What’s In Your Heart?

This is part three for May’s National Mental Health Awareness month. In my previous posts, I talked about processing our thoughts and our emotions.

The more we dwell on negative things in our minds – bitterness, anger, resentment, the more we dwell on things we cannot control, the unhealthier we will be. Eventually, something will spill out and it could be very destructive. The destruction could be turned inward (suicide) or outward (homicide). We must apply the THINK principle: Truthful, Honorable, Inspiring, Necessary, and Kind.

Same for our emotions: emotions cause feedback loops with our thoughts. Emotions can feed our thoughts even as our thoughts can control our emotions. The emotionally mature (healthy) process their passions. They feel everything, but they evaluate everything. Where is their anger coming from? Where is their love, or lust, coming from?

Now, when I speak of the “Heart”, I do not mean the emotional center. I am looking at what lies below. I mean your core values and how you evaluate your thoughts and emotions. Christian apologists often use the word “worldview” to describe a person’s values and the frameworks we use to understand the world.

Unless we identify our core values and principles, we will lurch from crisis to crisis. We must go deeper into our heart.

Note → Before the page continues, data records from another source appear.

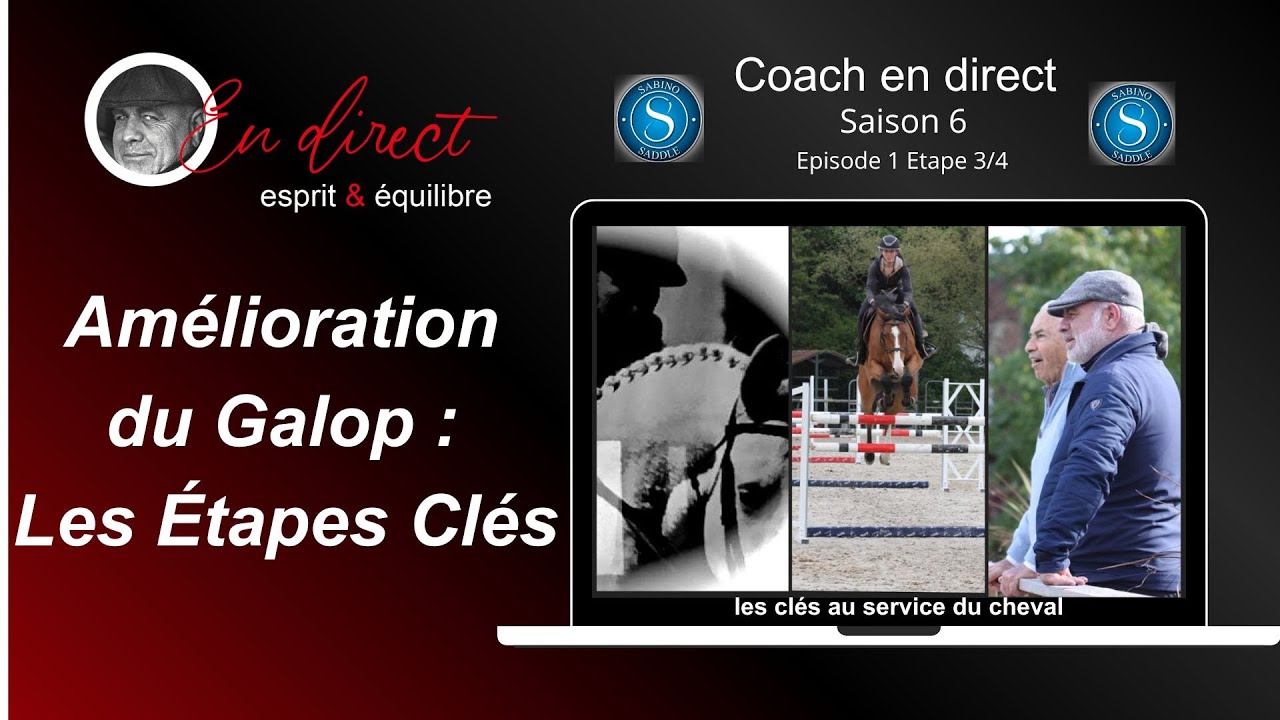 Amélioration du galop: les étapes clés expliquées   Etape 3  Ent1 @coachendirecthorselearning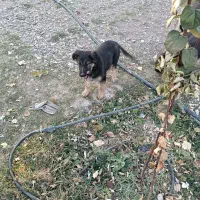 سگ خانگی ژرمن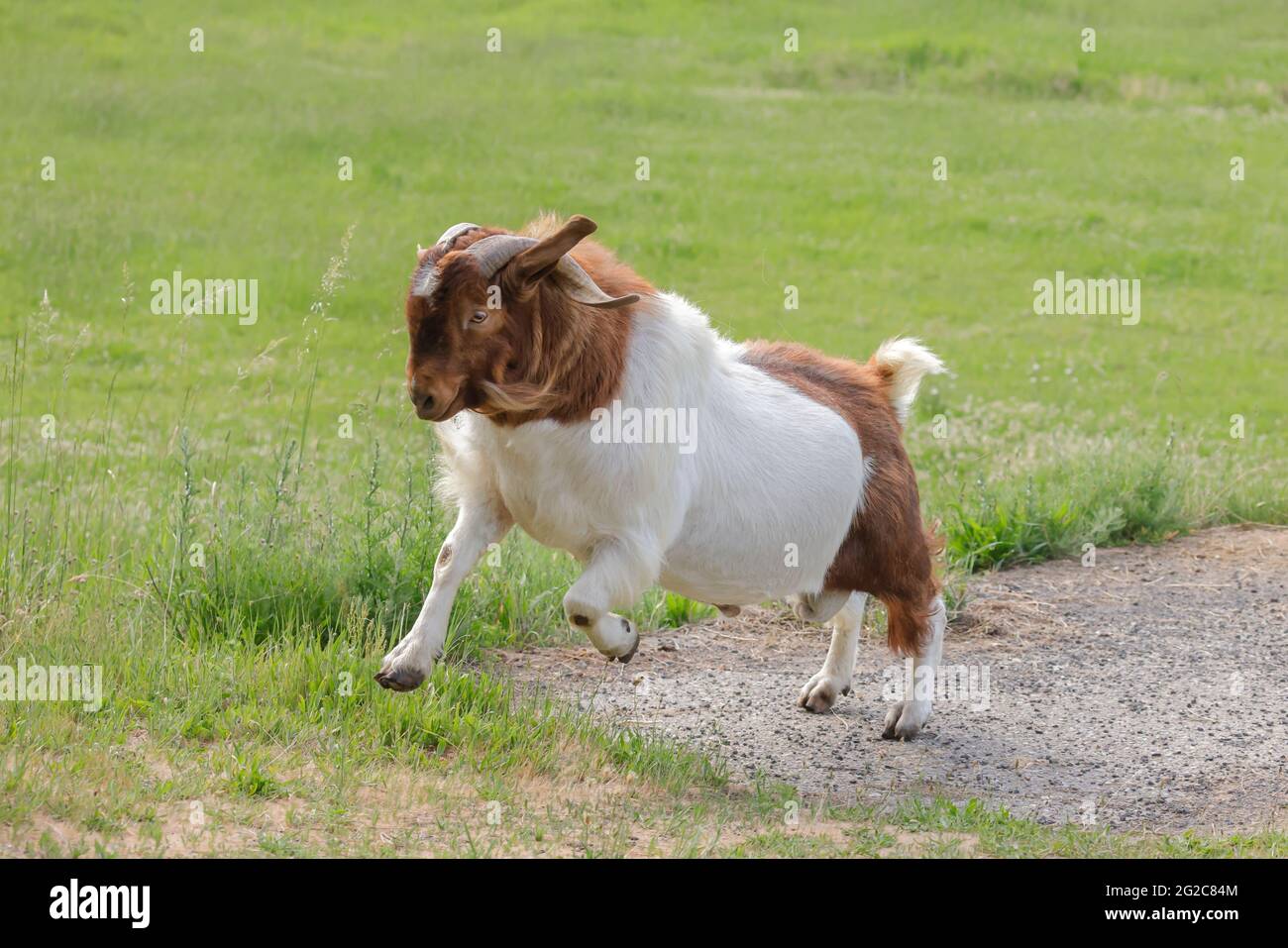 Une chèvre avec de grandes cornes court dans un pâturage près de St. Maries, Idaho. Banque D'Images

I am reminded of a story that Christian author Ruth Haley Barton told in one of her books. Barton recounted a time she went swimming in the Everglades, Florida. She was warned that there were crocodiles below. She noted the warning and continued on her way. Not long after, she noticed a shadow below. It was indeed a croc. Barton was probably out of the water faster than Usain Bolt.

I believe the mentally healthy have to do the same. We might not have swum with crocodiles or dived in a cage to see a Great White shark, but there are crocodiles and Orca whales in their souls. More importantly, we have to deal with them, otherwise the things lurking in our souls and hearts will devour us.

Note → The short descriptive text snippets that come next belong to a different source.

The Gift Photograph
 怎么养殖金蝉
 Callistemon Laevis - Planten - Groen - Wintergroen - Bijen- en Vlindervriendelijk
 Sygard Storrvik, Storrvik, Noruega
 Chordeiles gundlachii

In fact, some of our core values might even be ticking timebombs.

Why can our worldviews be so destructive?

If you believe in nihilism and life has no meaning, why live?

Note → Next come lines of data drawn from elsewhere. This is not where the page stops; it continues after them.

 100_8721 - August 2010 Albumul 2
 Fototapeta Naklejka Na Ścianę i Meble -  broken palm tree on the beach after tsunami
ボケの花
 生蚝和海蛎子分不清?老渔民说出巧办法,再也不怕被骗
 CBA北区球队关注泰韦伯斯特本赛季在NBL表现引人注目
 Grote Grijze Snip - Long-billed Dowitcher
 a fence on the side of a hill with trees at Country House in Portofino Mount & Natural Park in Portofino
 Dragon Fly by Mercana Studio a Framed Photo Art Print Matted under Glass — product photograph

If you believe the world owes you, why not just take? Use violence or any other means. Unleash your anger and hate.

I hope you see the issue; left unchecked and unexamined, our worldviews will lead to unhealthy and even destructive patterns of behavior.

Changing behaviors without changing the underlying attitudes and beliefs is meaningless. You can change a person’s behavior for only a short time before he defaults to the old ways. But if you change how he sees the world, if you can change his heart, the behavior will follow.

That leads to be better mental and emotional health.